露店が減り、賑やかな声が遠くなり、石畳の音だけが近くなる。
――ジラの黒髪が、角を曲がったところで消えた。
「……っ」
急いで角を曲がる。
けど、そこにはもう、さっきまでの後ろ姿はなかった。
人はいる。商人、荷車。
でも、ジラはいない。
「マジかよ……」
舌打ちが漏れた。
立ち止まるのもまずいのは分かってる。
それでも、足が一瞬止まる。
どっちに行った。右か、左か。
中央に行くなら――。
視線を走らせた、その端で、見慣れた黒髪が揺れた。
「……ミカサ?」
思わず小さく名前がこぼれる。
距離は少しある。
けど、あれは間違いない。ミカサの背中。
その少し前を、あいつが歩いていた。
エレン。
二人とも、こっちには気づいてない。
ミカサの視線は、エレンの背中だけを追っている。
……なんだよ、これ。
ジラを見失った場所と、エレンたちが進んでる方向が、重なった。
同じ場所に行こうとしてる?
こんな時間に?
そんなバカな、って思うのに、胸のざわつきが消えない。
どうする。
ミカサを見なかったことにして、別の路地を探すか。
それとも――。
喉が鳴った。
「……っ」
一瞬、息を飲んで、言葉を飲み込んだ。
今声かけたら、ミカサの尾行の邪魔になる。
それくらい分かる。
でも。
ジラと、エレン、多分同じだろ。
頭の中でそんな声がした。
俺ひとりで追って、何が分かる。
見失ったのが、その答えだ。
だったら――。
「ミカサ」
意識して小さく呼んだ。
邪魔にならないように。
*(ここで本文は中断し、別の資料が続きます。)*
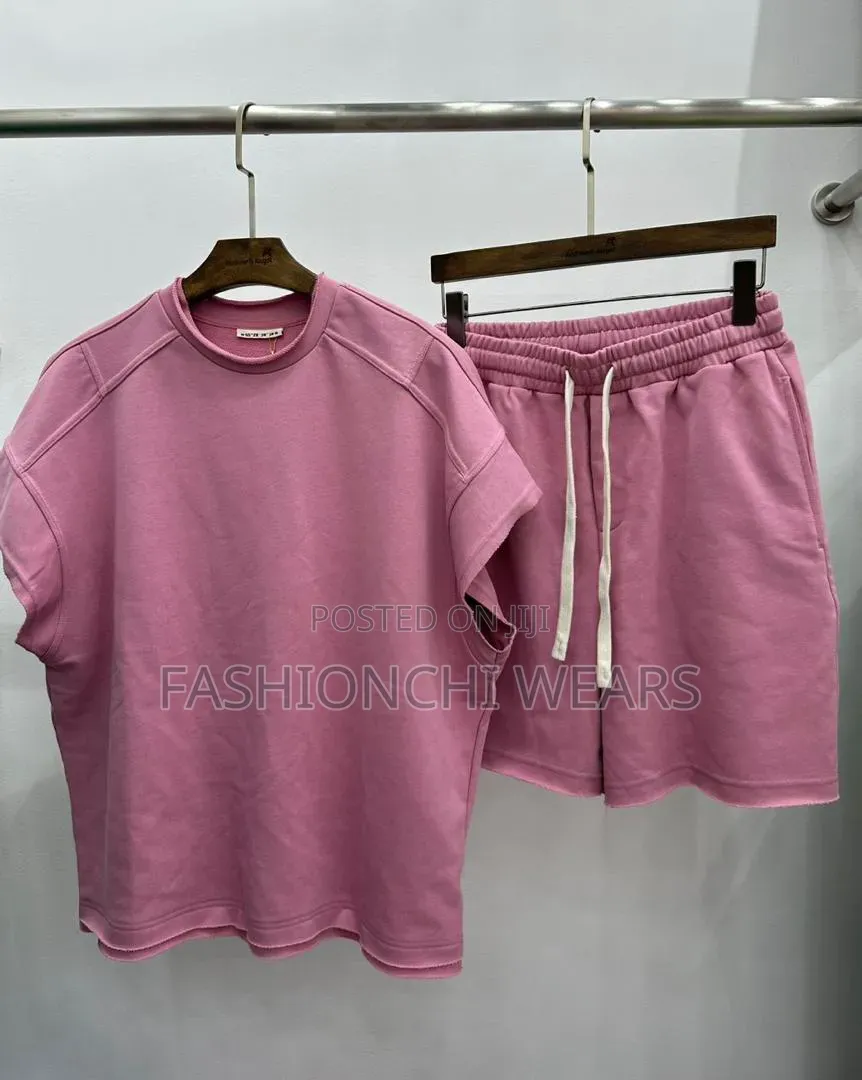 High Quality Men's Two Piece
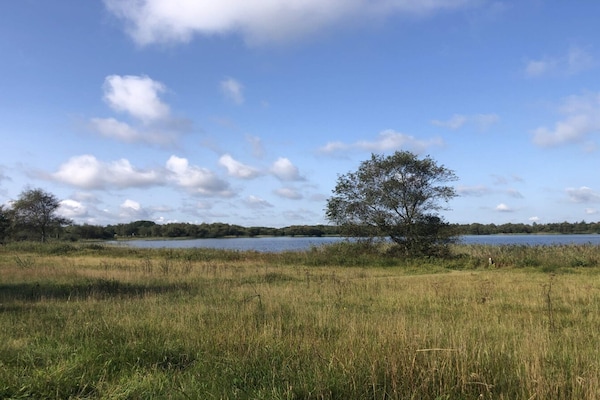 Foto van 8 persoons vakantie huis in Ansager - Vakantiehuis in Ansager - WaterView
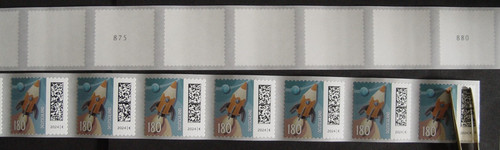 Bund 3874 raketenpost - **,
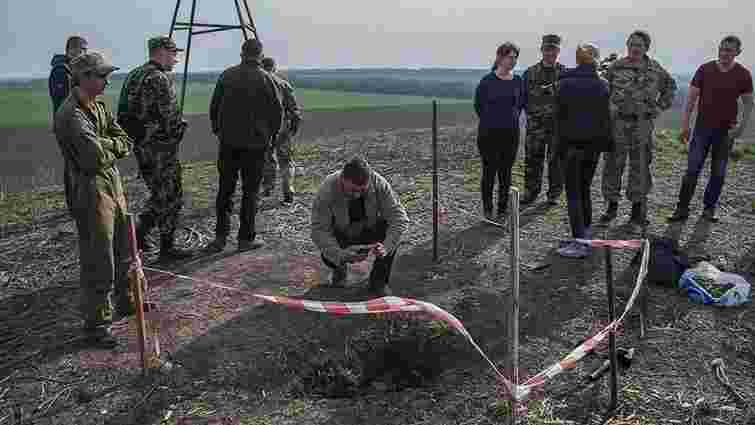 «Чорні копачі» пошкодили найбільший в Україні скіфський курган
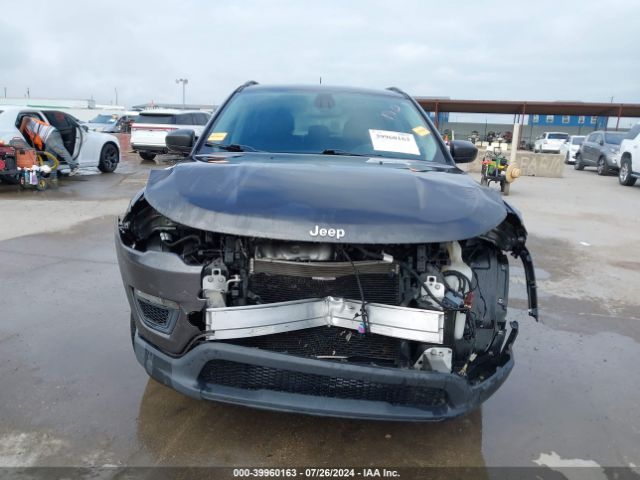 3C4NJCAB2KT613148 Jeep Compass Sport Fwd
けど、届くくらいには。
ミカサの肩が、ぴくりと動いた。
振り返る。その目が俺を見つける。
ほんの一瞬だけ、「なんでお前がいる」って顔をしてから、すぐに感情を消した目になる。
「……ジャン」
返ってきた声は、いつも通りに淡々としていた。
「何してるの」
先に聞いてきたのは、ミカサだった。
俺は一瞬だけ迷ってから、半分だけ本当のことを言った。
「……人、追ってたんだよ。見失った」
ミカサの眉が、ほんの少しだけ動く。
「エレンを?」
「違う。……ジラだよ」
その名前を出した瞬間、ミカサの目が細くなった。
エレンの背中は、まだ前方に見える。
ミカサは視線を一度だけ前に戻してから、俺に視線を返した。
「……話はあと。静かにして」
それだけ言って、顎で示す。
「一緒に来るなら、邪魔しないで」
それで、決まりだった。
エレンの背中を、ミカサが追う。
その少し後ろを、俺が追う。
足音を殺す。
でも、頭の中は全然静まらない。
ジラはどこ行った。
さっきまで追ってた黒髪は、別の角で消えた。
代わりに見つかったのが、エレンと、それを追うミカサ。
嫌な予感しかしない組み合わせだ。
耐えきれず、小さく声を出した。
「……なぁ、ミカサ」
「静かに」
即答。
それでも、完全に切り捨てる音じゃない。
数歩分、黙って歩いた。
けど、喉に引っかかったものが、落ちてくれない。
「どこ行くか、知ってんのか?」
できるだけ小さく、短く。
ミカサは視線を前から外さずに、ぽつりと返す。
「……分からない」
「……中央じゃねぇのか?」
通行証がない。壁を抜けられたら尾行は止まる。
それでも、何とかするつもりだった。
ミカサはエレンを目で追いながら答える。
「たぶん、違う」
「たぶんってなんだよ……」
それ以上の説明をする気はなさそうだった。
だけど、このまま黙るのは無理だ。
「ジラとエレンって、なんか関わりあったか?」
自分で聞きながら、変な質問だと思う。
でも、さっきのジラの進んでた方向と、今エレンが向かってる方角が、
頭の中で重なって離れない。
ミカサのまつ毛が、ほんの少しだけ揺れた。
「特には」
ミカサはそれ以上、何も足さない。
嘘か、本当か。
どっちとも取れるくらい、余計な情報を乗せない声。
それでも、口は止まらなかった。
「ミカサ、お前ジラと仲いいだろ。
何か知らねぇのか」
何か少しでも、手がかりないのかよ。
そこで、初めてミカサが少しだけこっちを見た。
横目。
エレンを視界の端で追いながら、黒い瞳が一瞬だけ俺を刺す。
……ジラと同じ色だ、と考えが一瞬ブレた。
ミカサは淡々と答える。
「ジラは友人。
でも全てを知ってるわけじゃない。」
「……信用はしてる。でも、全部は話さない人」
妙に正確な評価だった。
同時に、胸のどっかが少しだけ軽くなる。
――俺だけじゃねぇのか。知らねぇの。
ミカサは、また前を向く。
そこで黙ってればいいのに、続きが出る。
「でも、お前――」
「ジャン」
被せられた。
いつもの淡々とした声なのに、妙に強く聞こえる。
「ジラのこと、全部知りたい?」
不意打ちだった。
足が、半歩だけ止まりかける。
「……は?」
「……ジャンには、教えてもいいと思う」
何を、とは言わない。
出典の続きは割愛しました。